Gossip – Your Words Helpful and Good?

Gossip
Talebearer
picture for gossip - bloodmoon eclipse

“Wicked Gossip – spreading rumors – talebearer – busybody – whisperer

Corrupt / Evil Speaking – Gossip or Talebearer

Proverbs 18:8 World English Bible (WEB) The words of a gossip are like dainty morsels: They go down into a person’s innermost parts. (KJV) The words of a talebearer [are] as wounds, and they go down into the innermost parts of the belly.

NOTE: the KJV used ‘talebearer’ from the Hewbrew נִרגָּן nirgan (neer-gawn’) 1. a slanderer; the Orthodox Jewish Bible (OJB) add ‘gossip, talebearer’ to the meaning. Perhaps the KJV translators interpretion is questionable; ‘wounds‘ from the Hebrew לָהַם laham (law-ham’) v. 1. (properly) to burn in, i.e. (figuratively) to rankle is also in question; (OJB) mitlachamim (delicious tidbits). Jewish Publication Society (JPS) The words of a whisperer are as dainty morsels, and they go down into the innermost parts of the belly. Complete Jewish Bible (CJB) A slanderer’s words are tasty morsels; they slide right down into the belly.

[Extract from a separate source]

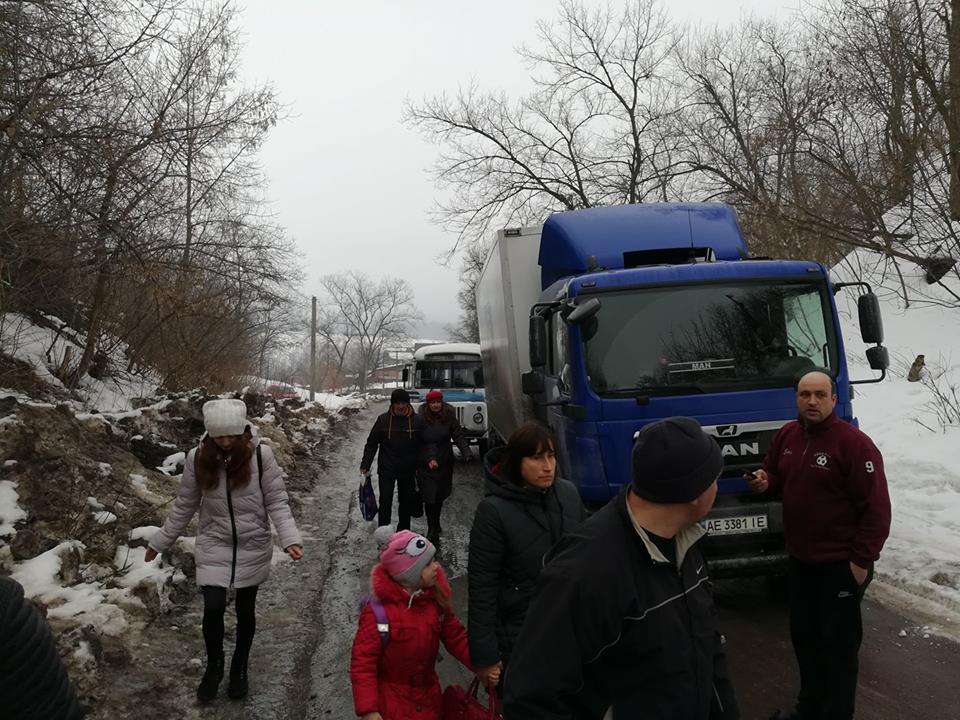 На Полтавщине грузовик "подрезал" автобус с пассажирами (фото)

Proverbs 20:19 (CJB) A gossip goes around revealing secrets, so don’t get involved with a talkative person. Holman Christian Standard Bible (HCSB) The one who reveals secrets is a constant gossip; avoid someone with a big mouth. (NIV) A gossip betrays a confidence; so avoid a man who talks too much. Orthodox Jewish Bible (OJB) He that goeth about as a rakhil (gossip, slanderer, talebearer) revealeth secrets; therefore associate not with the babbler.

NOTE: again the KJV translators use ‘talebearer’ this time from the Hebrew רָכִיל rakiyl (raw-keel’) n-m. 1. slander, carry tales, talebearer; informer. Others including those of the original Hebrew language use or acknowledge using the word ‘gossip’.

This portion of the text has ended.